« Le Monde » a demandé à des contributeurs de tous horizons de proposer, chaque jour, une idée pour changer la France. Jacques Boulesteix, ancien président du fonds public d’investissement PACA, propose une solution de justice fiscale en transferant le produit de l’ISF à la Banque Publique d’Investissement (BPI).
Tribune Affecter annuellement le produit de l’ISF à la Banque Publique d’Investissement (BPI) serait une bonne solution, à la fois pour répondre au souhait des Français de le rétablir, et faciliter le financement des entreprises françaises. La BPI est en effet un investisseur majeur dans notre pays.

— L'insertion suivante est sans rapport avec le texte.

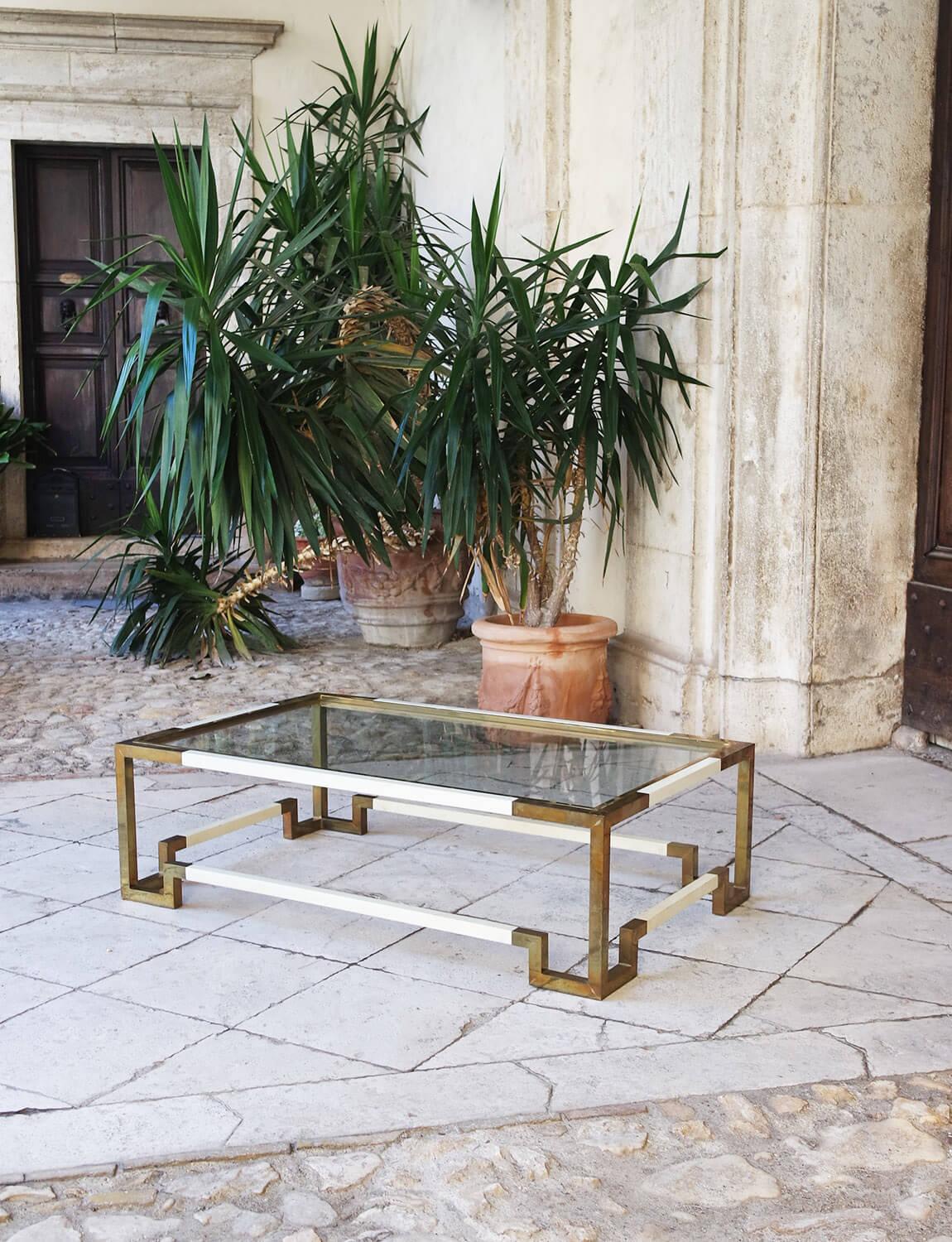 Romeo Rega cream resin and brass coffee table. This 1970s piece has a glass top and interestingly designed geometric legs. Please note, this is a vintage piece and there is a patina on the brass and light scratches and scuffs on the cream resin.  It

Elle finance plus de 4 000 start-up chaque année et a injecté en 2017 dans l’économie française 20 milliards d’euros de crédits, d’entrées au capital directes ou via des fonds partenaires, ou en garanties de prêts.
Elle a montré que les fonds publics sont particulièrement efficaces pour le financement de l’économie, et notamment des projets à risque. Elle avait été précisément créée, après la crise de 2008, pour pallier les difficultés de financements des entreprises par des fonds privés et les banques. Ce souci persiste aujourd’hui. Car, il n’est pas évident que les liquidités libérées par la suppression de l’ISF irriguent l’investissement dans l’industrie, les services, et surtout l’innovation.

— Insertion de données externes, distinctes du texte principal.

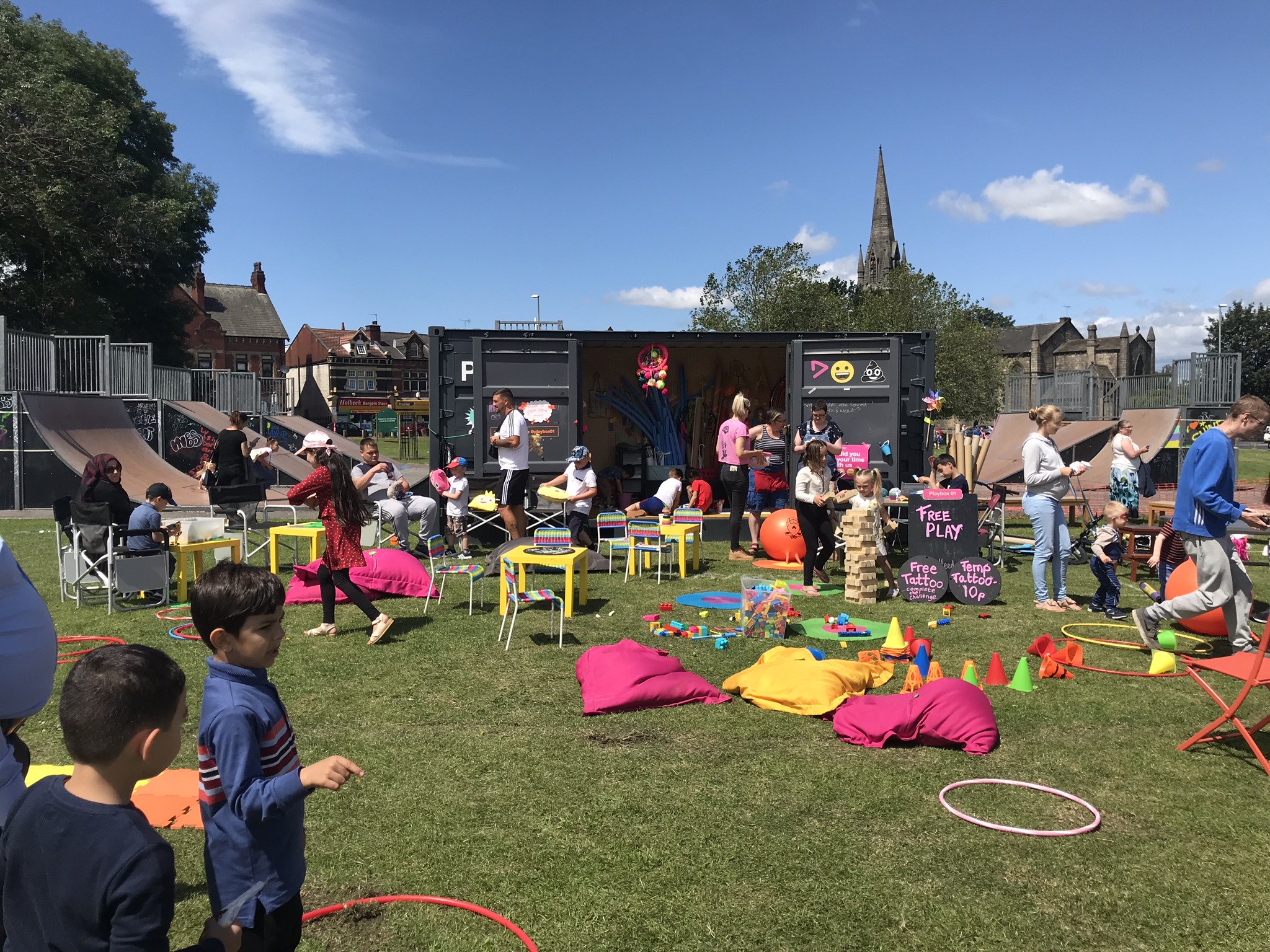 Playbox shipping container with lots of colourful games with beanbags, hoops, cones etc.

Le comité d’évaluation, installé officiellement en décembre, le dira. Mais il y a forcément de la perte en ligne, tant les produits de placements bancaires internationaux sont attractifs et qu’aucune obligation de réinvestissement national n’existe. De surcroît, non seulement la suppression de l’ISF a entraîné la perte de 3 milliards d’euros de recettes fiscales pour l’Etat, mais elle a également asséché d’un milliard d’euros la niche fiscale qui irriguait une partie du financement privé des PME, notamment innovantes.
En effet, le dispositif précédent de déduction de l’ISF pour les investissements dans les PME profitait aux « business angels » – des personnes qui décident d’investir une partie de leur patrimoine financier dans des entreprises innovantes et à fort potentiel –, aux fonds d’investissement de proximité (FIP) et aux fonds dans l’innovation (FCPI). C’est ainsi un milliard d’euros d’investissement dans les PME par an qui a disparu. Pour compenser, le budget national avait prévu d’augmenter de 18 % à 25 % la déduction fiscale pour les particuliers investissant dans les PME. Mais la Commission européenne n’a pas encore donné son accord…
Le rétablissement de l’ISF, si l’on en croit les sondages, est largement souhaité par les Français. Que ce soit en décembre ou en janvier, 70 à 80 % des sondés y sont favorables, y compris, dans des proportions à peine inférieures, les sympathisants de la République en Marche. Même si le président de la République exclut pour l’instant tout retour en arrière, le sujet ressort déjà fortement du grand débat national. Affecter l’ISF à la BPI permettrait d’allier l’exigence du financement des entreprises, notamment innovantes, avec l’aspiration grandissante de justice fiscale.